The most successful essays root out unexplored territory of Indian film culture, illuminating history, and using their chosen analytical approach with a light touch so that it does not get overwhelmed by excruciating didactics.

In “The Indian Film Magazine, Stardust”, Rachel Dwyer examines the rise of the film magazine, focusing on Stardust, and how it reflected the role of film in the fan’s life, the rise of the middle class and attendant evolution of family and sexuality, while also celebrating the “obvious pleasure” of its witty self-aware gossip.

Parmesh Shahani melds the personal and political in “The Mirror Has Many Faces: The Politics of Male Same-Sex Desire in BOMgAY and Gulabi Aaina, appropriating an outlandish screenplay style that charts gay themes in Bollywood films with the emergence of a gay scene in Bombay and the author’s own experiences within it to ultimately make a case for realigning the “path to self-affirmation” for the nascent queer movement in India.

There are a few essays that wallow in stiff esotericism, reading like a student masking pointless rambling with a thesaurus and puffed-up prose. This occurs most prominently in “Our Violence, Their Violence: Exploring the Emotional and Relational Matrix of Terrorist Cinema” (the title says it all).

However, there is glaring fault in most of the essays. The authors frequently raise interesting issues and then refuse to come to any conclusion after examining them, saying one can never know how history will turn out. Or their conclusion is to make a rather obvious point, for example that information flows freely on the Internet, and encourages a global dialog between Bollywood fans.

There is also a weird standard of familiarity applied to the central subject of Indian films. A ream of names and titles can flash by and it is assumed that the reader has seen and knows all of them. And then the author will explain in detail an utterly quotidian point, defining an Internet chat room or feeling the need to overly explain that “The sudden, rising orchestral violin ‘flourish’ is the single most pervasive iconic musical sound pattern used across films to accompany the idea of height and frame the intimate love song.” That one comes from Natalie Sarrazin’s otherwise excellent essay “Songs from the Heart”.

Most disappointing, the analysis of the book’s central conceit, of the increasing global-ness of Bollywood is dull and inert, relying on a few vague statistics and broad ideas. The strongest essays discuss the films themselves or the phenomenon as existing within India. There is very little solid examination of how fans are interacting across borders.

To take an example of what is missing, here is part of a letter that appeared in the July 2007 British film magazine Sight & Sound. In it, reader Shakila Taranum Maan in the July 2007 issue says far more about Bollywood from the Anglo-Asian perspective than we find in this whole book:

Naman Ramachandran’s review of Namastey London (S&S June) at last has the courage to say what a lot of us British Asians have been harping on about for some time. ‘It is tempting to dismiss Namastey London as just another trite Bollywood film — or even a satire — and take no further notice of it…Instead, Namastey London deserves to be named and shamed as an offensive, regressive film that not only reinforces racial stereotypes but also creates new ones, with a shrewd eye on the ultimate goal – mammon.’

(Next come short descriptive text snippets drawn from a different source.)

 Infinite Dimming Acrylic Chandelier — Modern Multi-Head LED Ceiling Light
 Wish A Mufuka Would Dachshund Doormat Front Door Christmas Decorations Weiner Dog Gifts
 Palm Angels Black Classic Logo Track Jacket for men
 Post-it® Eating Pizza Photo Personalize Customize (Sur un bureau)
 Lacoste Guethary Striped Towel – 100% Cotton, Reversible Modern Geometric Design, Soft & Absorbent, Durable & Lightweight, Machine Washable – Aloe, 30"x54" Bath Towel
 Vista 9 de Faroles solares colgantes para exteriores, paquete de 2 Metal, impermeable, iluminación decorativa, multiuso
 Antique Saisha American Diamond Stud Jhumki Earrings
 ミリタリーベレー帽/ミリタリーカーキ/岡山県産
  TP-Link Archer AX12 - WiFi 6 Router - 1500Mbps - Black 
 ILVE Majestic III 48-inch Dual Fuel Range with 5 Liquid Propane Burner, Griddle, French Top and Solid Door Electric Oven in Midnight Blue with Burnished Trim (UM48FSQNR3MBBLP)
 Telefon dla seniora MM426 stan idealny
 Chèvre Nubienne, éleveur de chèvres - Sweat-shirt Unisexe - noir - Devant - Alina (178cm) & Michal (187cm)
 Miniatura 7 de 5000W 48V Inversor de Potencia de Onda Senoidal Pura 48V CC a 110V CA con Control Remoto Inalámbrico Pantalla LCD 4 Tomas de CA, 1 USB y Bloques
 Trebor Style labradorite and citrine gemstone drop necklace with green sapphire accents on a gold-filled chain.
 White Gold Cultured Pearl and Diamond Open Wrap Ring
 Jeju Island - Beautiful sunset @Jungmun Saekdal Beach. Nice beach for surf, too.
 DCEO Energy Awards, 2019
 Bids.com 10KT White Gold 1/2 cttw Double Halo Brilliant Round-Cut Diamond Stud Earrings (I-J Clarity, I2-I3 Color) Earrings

Brit Asians have welcomed and arguably created the monster of Bollywood cinema designed for the western market. Yet degrading depictions of Brit Asians are the norm in such films: we are often portrayed as ungodly with scant respect for Indian culture when as a group Brit Asians are complicated capitalists who have a high regard for family values and respect for human life and carry a huge dose of romanticism for Indian culture…

There’s enough subject matter here for a second book, raising complicated issues of viewer and identity. But Global Bollywood is largely devoid of these perspectives, focusing on the authors and their individual outlooks, when, if the discussion were to be truly global in scope, a myriad of citizen voices should be heard.